His prior is uniform because uniform is max entropy. If your prior is less than max entropy, you must have had information to update on. What is your information?
No, you don’t get it. The space of possible universes may be continuous instead of discrete. What’s a “uniform” prior over an arbitrary continuous space that has no canonical parameterization? If you say Maxent, why? If you say Jeffreys, why?
It’s possible to have uniform distributions on continuous spaces. It just becomes probability density instead of probability mass.
The reason for max entropy is that you want your distribution to match your knowlege. When you know nothing, thats maxiumum entropy, by definition. If you update on information that you don’t have, you probabilistically screw yourself over.
If you have a hard time drawing the space out and assigning the maxent prior, you can still use the indifference prinicple when asked about the probability of being in a larger universe vs a smaller universe.
Consider “antipredictions”. Say I ask you “is statement X true? (you can’t update on my psychology since I flipped a coin to determine whether to change X to !X). The max entropy answer is 50⁄50 and it’s just the indifference principle.

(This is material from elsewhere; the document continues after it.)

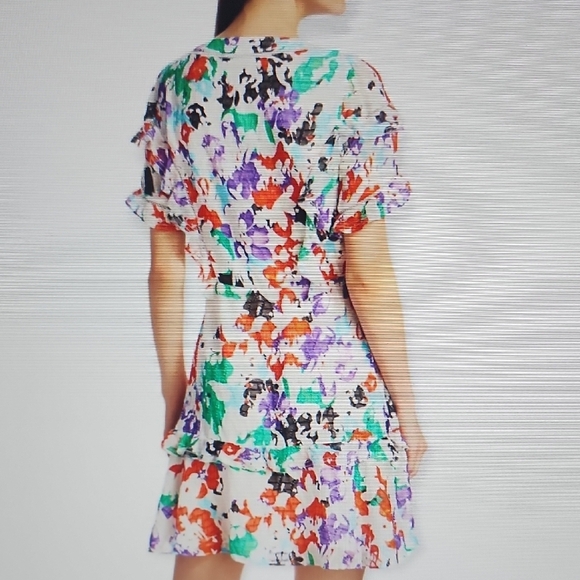 Tanya Taylor Rhett Silk Floral Mini Dress Size 8 - Picture 4 of 10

If I now tell you that X = “I will not win the lottery if I buy a ticket?” and you know nothing about what ball will come up, just that the number of winning numbers is small and the number of not winning numbers is huge, you decide that it is very likely to be true. We’ve only updated on which distribution we’re even talking about. If you’re too confused to make that jump in a certain case, then don’t.
Or you could just say that for any possible non uniformity, it’s possible that there’s an opposite non uniformity that cancels it out. Whats the direction of the error?
Does that explain any better?
No, it doesn’t. In fact I don’t think you even parsed my question. Sorry.
Let’s simplify the problem: what’s your uninformative prior for “proportion of voters who voted for an unknown candidate”? Is it uniform on (0,1) which is given by maxent? What if I’d asked for your prior of the square of this value instead, masking it with some verbiage to sound natural—would you also reply uniform on (0,1)? Those statements are incompatible. In more complex real world situations, how exactly do you choose the parameterization of the model to feed into maxent? I see no general way. See this Wikipedia page for more discussion of this problem. In the end it recommends the Jeffreys rule for use in practice, but it’s not obviously the final word.
I see what you’re saying, but I don’t think it matters here. That confusion extends to uncertainty about the nth digit of pi as well-it’s nothing new about different universes. If you put a uniform prior on the nth digit of pi instead of uniform of the square of the nth digit or Jeffreys prior, why don’t you do the same in the case of different universes? What prior do you use?
The point I tried to make in the last comment is that if you’re asked any question, you start with the indifference principle. which is uniform in nature, and upon receiving new information, (perhaps the possibility that the original phrasing wasn’t the ‘natural’ way to phrase it, or however you solve the confusion) then you can update. Since the problem never mentioned a method of parameterizing a continuous space of possible universes, it makes me wonder how you can object to assigning uniform priors given this parameterization or even say that he required it.
Changing the topic of our discussion, it seems like your comment is also orthogonal to the claim being presented. He basically said “given this discrete set of two possible universes (with uniform prior) this ‘proves’ SIA (worded the first way)”. Given SIA, you know to update on your existence if you find yourself in a continuous space of possible universes, even if you don’t know where to update from.